The book’s best essay is the best of the New Wave, “Vast Active Living (Possibly) Insane System: Paranoia and Antiauthoritarianism in the Work of Philip K. Dick” by Erica L. Satifka. This essay has marvelously good insight and observations about the king of speculative fiction, despite being ridiculously short on the best book that went to the movies, all time, when Hollywood gave us “Bladerunner” in 1982, adapting Dick’s novel, DO ANDROIDS DREAM OF ELECTRIC SHEEP?
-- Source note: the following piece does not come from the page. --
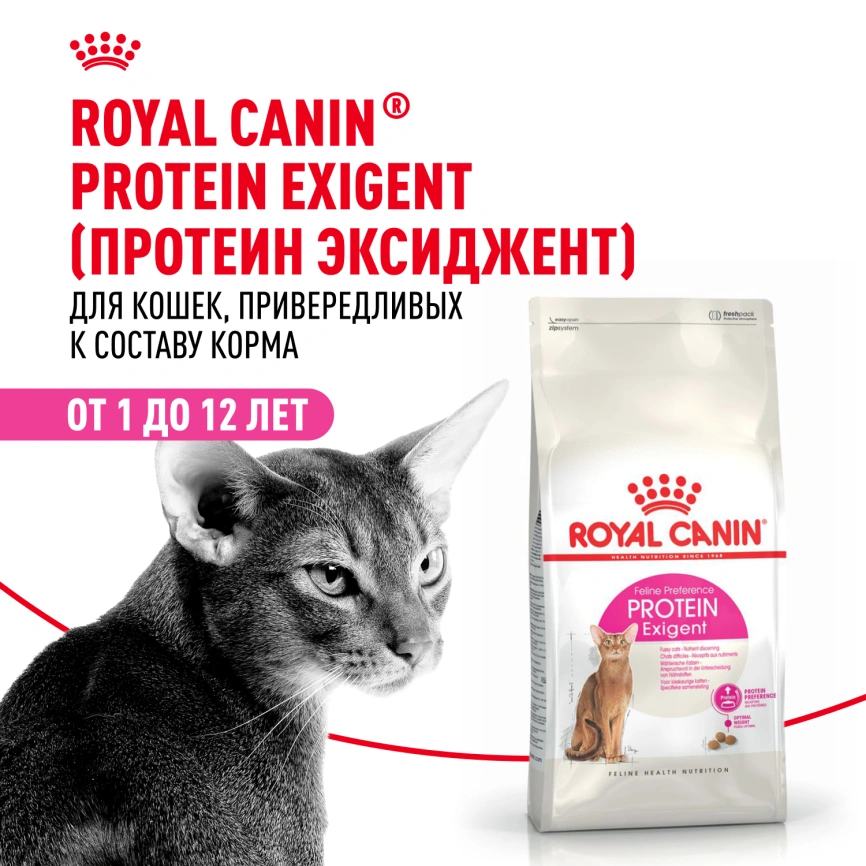 Сухой корм Royal Canin Protein Exigent для кошек, 400 г фото 12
The second-best essay, if I could pinpoint such as thing, was the excellent “Black Star: The Life and Work of Octavia Butler,” by Michael A. Gonzales. I still think Butler’s KINDRED novel should be made into a major motion picture. Butler did the most of any single author, in my mind, to bring to bear the changes in today’s SF, opening up more opportunities for authors of color, for the LGBTQ+ community, for equity, diversity and inclusion, and for giving us unforgettable tales. The genre is better for this, and her works champion her wonderful talents. It is so sad that Butler hasn’t been with the SF community for quite some time.

Still, a marvelous collection of essays from that era.